Clark continued, “It is ridiculous that the people of oil-producing communities in the Niger Delta are not millionaires, not to talk of billionaires, in the oil industry. Revenue from those communities is being used to develop non-oil producing communities.”
“In the management of the oil Industry, which is operated in our backyard, nearly all the top and middle level positions in the NNPC and its subsidiaries are manned mostly by northerners rather than those from the areas.
“We have become strangers in our own home, in an industry which is built behind our backyard. The northern opposition to restructuring is based mainly on resource control.”

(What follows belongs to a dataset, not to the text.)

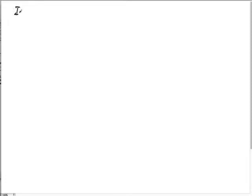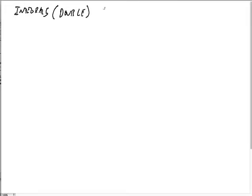Welcome. In this lesson we're going to do integrals — actually double integrals — in polar coordinates.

“The Petroleum Technology Development Fund (PTDF) is an agency established by the government to offer scholarships for the training of Nigerians for the oil and gas industry. The beneficiaries of this scheme are mainly persons from the northern zones of the country that do not produce oil, with indigenes from the oil-producing communities hardly considered.
“I challenge PTDF to publish the scholarships awarded since 1999 on zone-by-zone and state-by-state basis,” Clark stressed.
The elder statesman expressed worry over the ownership of oil fields in the country and posited that the people of the Niger Delta are unjustifiably schemed out in the process.